Newark Community Solutions opened earlier this year in the Newark Municipal Court to promote alternative sentencing—community service coupled with social services instead of jail and fines—to reduce recidivism and increase public trust in the courts.
The court is modeled after the 11-year-old Red Hook Community Justice Center in Brooklyn. Both are led by the nonprofit Center for Court Innovation in New York City, which tests new ideas to strengthen the justice system.
“The visible restitution projects demonstrate to residents that justice is something they can touch and see on a daily basis,” says Greg Berman, director of the Center for Court Innovation. “It’s those guys painting over the graffiti on the corner or cleaning up my local park.”
Newark Community Solutions and the related Newark Youth Court operate with $735,000 annually from government and foundation sources, including the New Jersey State Bar Foundation. The community court’s six-person staff, which includes two social workers, is gearing up to handle 3,500 cases annually.

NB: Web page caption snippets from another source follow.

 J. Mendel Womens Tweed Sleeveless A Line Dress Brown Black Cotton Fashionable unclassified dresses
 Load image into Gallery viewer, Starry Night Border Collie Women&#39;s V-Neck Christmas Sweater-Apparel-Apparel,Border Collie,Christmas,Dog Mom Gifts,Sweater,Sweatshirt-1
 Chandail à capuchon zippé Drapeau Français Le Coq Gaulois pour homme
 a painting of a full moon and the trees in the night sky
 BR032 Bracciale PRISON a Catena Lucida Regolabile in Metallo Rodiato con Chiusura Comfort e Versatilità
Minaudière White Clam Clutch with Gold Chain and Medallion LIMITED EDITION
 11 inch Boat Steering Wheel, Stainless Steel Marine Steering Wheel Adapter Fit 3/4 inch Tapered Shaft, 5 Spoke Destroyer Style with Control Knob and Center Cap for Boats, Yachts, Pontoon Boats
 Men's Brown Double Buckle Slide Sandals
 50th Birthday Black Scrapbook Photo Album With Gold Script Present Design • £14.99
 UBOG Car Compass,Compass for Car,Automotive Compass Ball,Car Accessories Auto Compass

Eligible offenders are those charged with non-violent crimes such as drug possession, prostitution and shoplifting.
“The vast majority of the cases in some way relate to drug involvement,” says project director Jethro Antoine. “Some of the people we see want to change; they’ve hit rock bottom. On the second or third time they’re required to report back to us, oftentimes they’re unrecognizable. It’s a totally different person.”
Antoine holds out a 51-year-old homeless man as an example of the program’s potential for success. The man was arrested on a warrant for $800 in unpaid fines for misdemeanors. Social workers helped him find treatment for substance abuse and mental illness, a home, eyeglasses and dental care. He reports back now voluntarily to share good news, such as reconnecting with his siblings.
“We’re able to observe individuals slowly putting their lives back together while paying back for the harm they’ve done,” Antoine adds. “We do hold them accountable.”